Since 2003, workers have operated the BAUEN cooperative hotel with no legal standing or government subsidies. Since taking over the hotel on March 21, 2003, the workers have slowly begun to clean up the ransacked hotel and rent out the hotel's services. The hotel re-opened with 40 employees and now employs some 150 workers.

Employees rallied throughout December last year to pressure the Buenos Aires city government to veto a law in favor of putting the hotel back into the hands of the former owner. The B.A. government refused to veto the law. If the BAUEN cooperative does not succeed in pushing through a new favorable law they risk losing their hotel.

A dozen workers from Renacer (Ex-Aurora) traveled over 5,000 kilometers for the rally in Buenos Aires, to press for the permanent expropriation of their plant. The Renacer domestic appliance producer cooperative formed in 2000 after the former owner decided to shut down operations, owing banks and workers' thousands of dollars in unpaid salaries. The plant formerly known as Aurora produced washing machines. For decades industry activity had declined in the region, which is the most expensive places to live in Argentina. Ushuaia is also known as "the end of the world," with a harsh artic climate, less than 500 kilometers from the Southern Artic.

"The auctioning off of our plant is a constant threat, we are looking for a permanent solution so we can produce our own products independently of the state," explains Monica Acosta, the current president of Renacer. Over 100 workers and their families rely on the cooperative, which hasn't been able to put out full production inside the plant. "Most of the expropriation laws that recuperated enterprises have won last two years.
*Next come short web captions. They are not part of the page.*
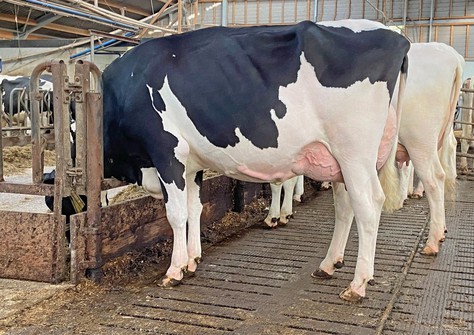 Aiko 1 RDC VG-89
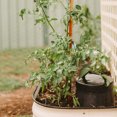 thumbnail image 3 of Tumbleweed Worm Feast In Ground Home Garden Farm Recycle Organic Waste Composter, 3 of 8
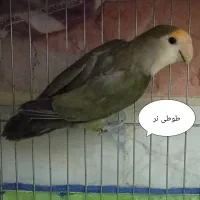 طوطی برزیلی مولد|پرنده|شاهنجرین, |دیوار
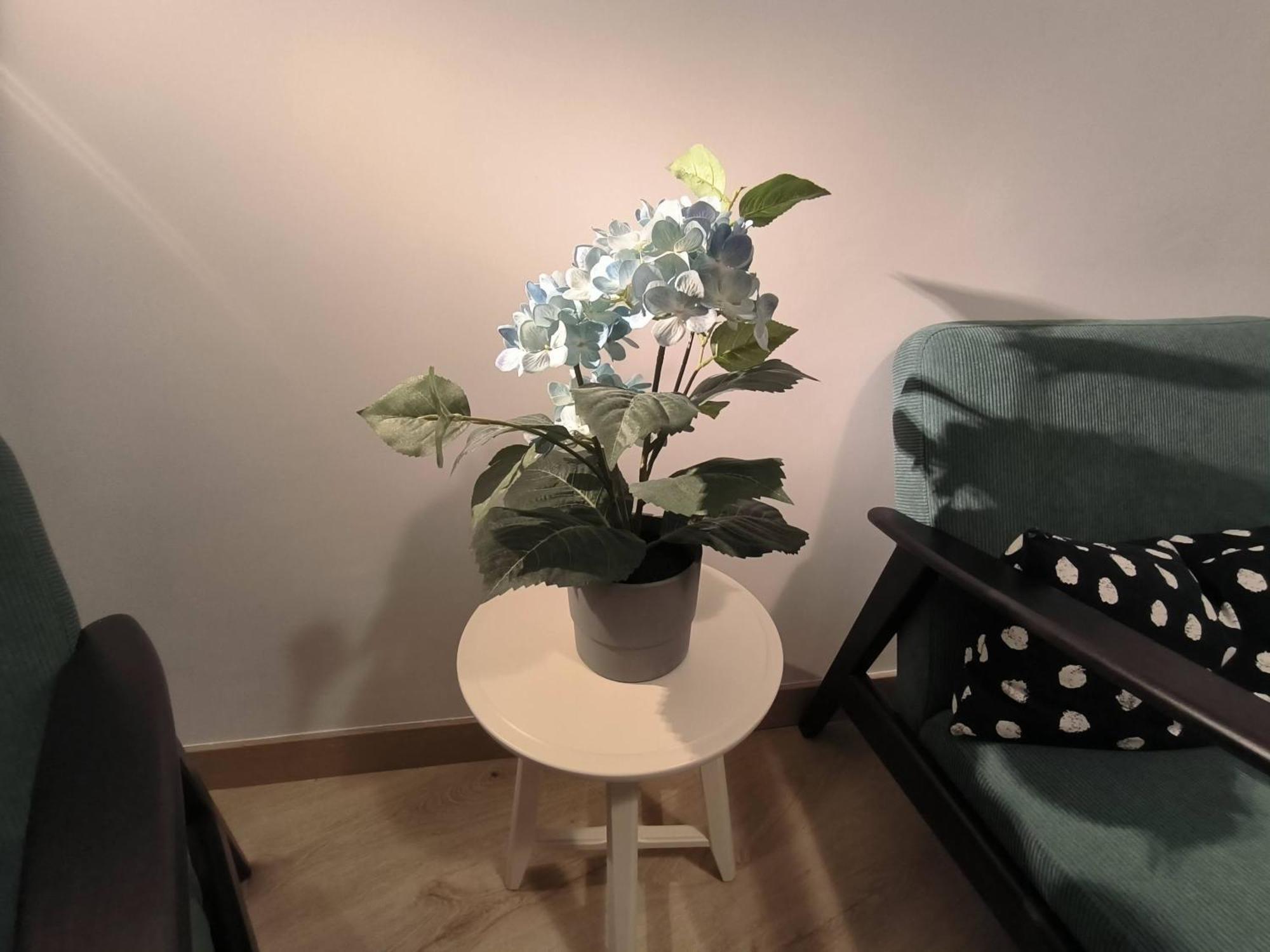 Apartamento Zabala Conoce Bilbao Desde Dentro Bilbau Exterior foto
After two years, the cooperative has to go through the process once again and look for a legal solution in order to continue to produce."

1 comment:

Anonymous said...

há casos de sucesso como por exemplo dos trabalhadores de uma industria de ceramica.

é obvio que a intervenção repressora do estado só dificulta as coisas.

penso que quando este tipo de coisas ocorrem, o estado não deve participar de forma alguma.